Member of the Virginia House of Delegates from Monroe County
- In office December 7, 1857 – December 2, 1861
- Preceded by: Alexander D. Haynes
- Succeeded by: John M. Rowan
- In office December 2, 1839 – December 6, 1841
- Preceded by: James A. Dunlap
- Succeeded by: Allen T. Caperton
- In office December 7, 1835 – January 7, 1839
- Preceded by: Henry Alexander
- Succeeded by: James A. Dunlap

Personal details
- Born: March 9, 1805 Union, Virginia, U.S. (now West Virginia)
- Died: June 7, 1876 (aged 71) Hinton, West Virginia, U.S.
- Party: Democratic
- Spouse: Mary Rankin Beirne

= Augustus A. Chapman =

American politician (1805–1876)

Augustus Alexandria Chapman (March 9, 1805 – June 7, 1876) was a 19th-century politician and lawyer from Virginia. Chapman served several terms in the Virginia House of Delegates, as well as one term in the United States House of Representatives. He was also elected to the Virginia Constitutional Convention of 1850.

==Early life==
Born in Union, Virginia (now West Virginia), Chapman studied law as a young adult, graduating with a Bachelor of Laws from the University of Virginia in 1827.

==Career==
He was admitted to the bar in 1825 and commenced practice in Union, Virginia.
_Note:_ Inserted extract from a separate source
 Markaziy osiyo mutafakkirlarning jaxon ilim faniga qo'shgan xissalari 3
About 1829, Chapman settled in Monroe County, Virginia. He was a member of the Virginia House of Delegates from 1835 to 1841.
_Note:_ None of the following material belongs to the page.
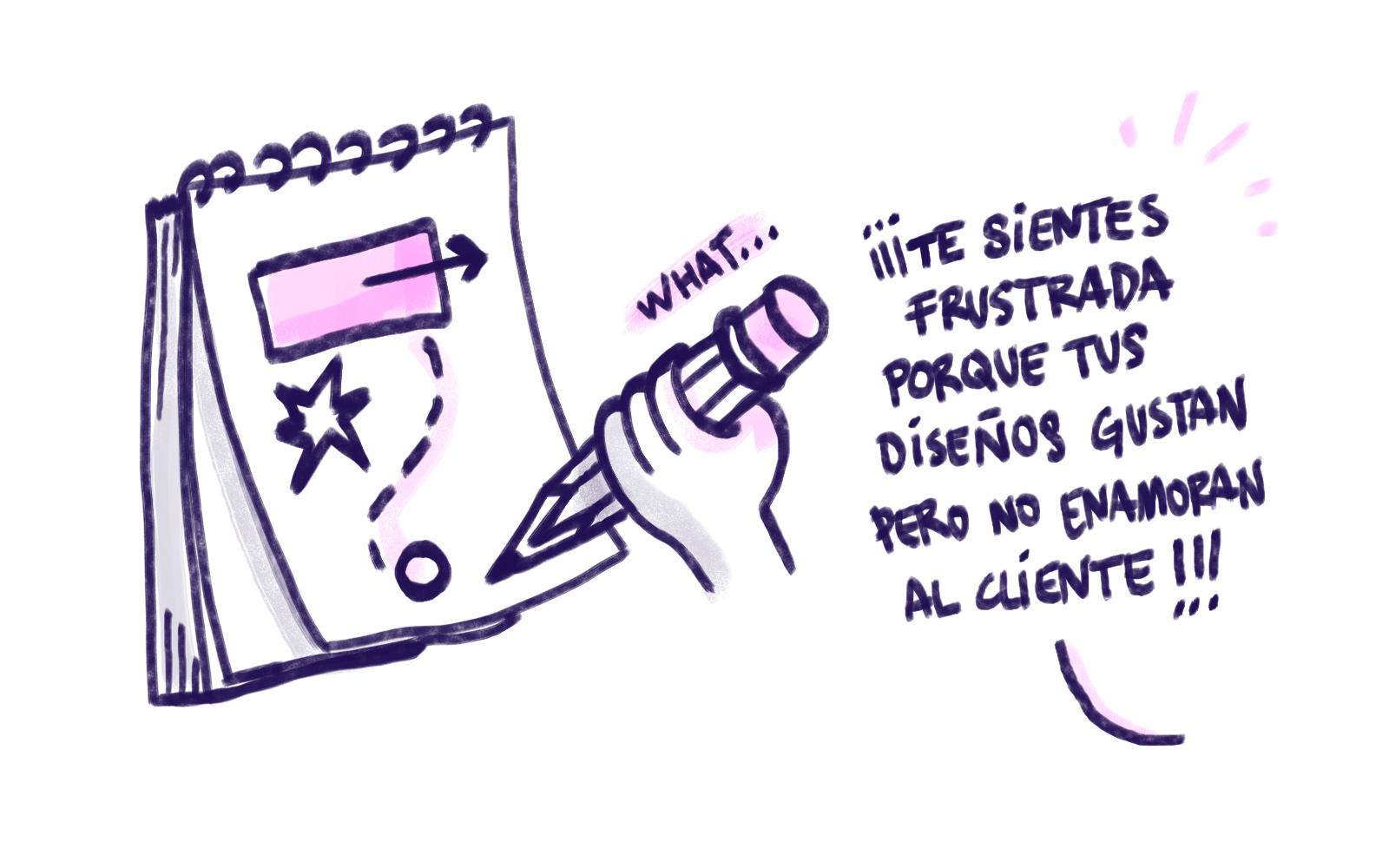 Una mano dibujando con un lápiz sobre una libreta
Chapman was later elected a Democrat to the United States House of Representatives, serving two terms from 1843 to 1847.

Chapman was a member of the Virginia Constitutional Convention from 1850 to 1851 and later returned to the House of Delegates from 1857 to 1861.
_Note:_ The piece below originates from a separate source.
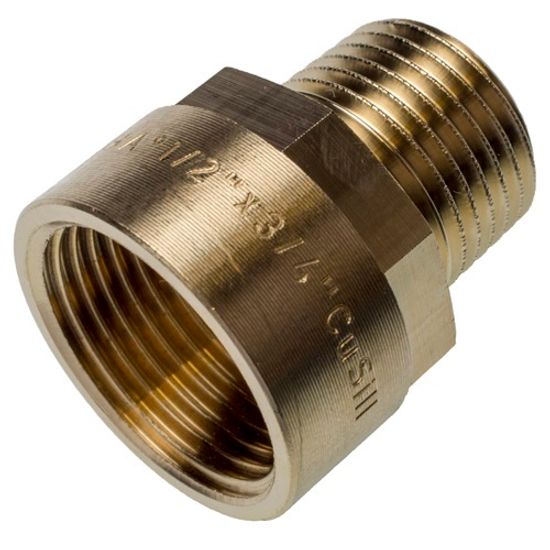 Переходник Sanha PURAFIT 3/4" x 1" НР/ВР бронзовый, серия 3242 (13242341)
At the outbreak of the Civil War, Chapman became a brigadier general of the Virginia Militia and as such took the field with his command in 1861. He was in charge of the 19th Brigade, which consisted of six regiments from Raleigh, Mercer, Fayette, Monroe, and Giles counties.

==Later life==
After the war, he resumed practicing law in his hometown and engaged in agricultural pursuits.

==Death==
Augustus Alexandria Chapman died on June 7, 1876, in Hinton, West Virginia. He is interred at Green Hill Cemetery in Union, West Virginia.

==See also==

- List of American Civil War generals (Acting Confederate)

==Bibliography==
- "Biographical Directory of the United States Congress, 1774 - Present"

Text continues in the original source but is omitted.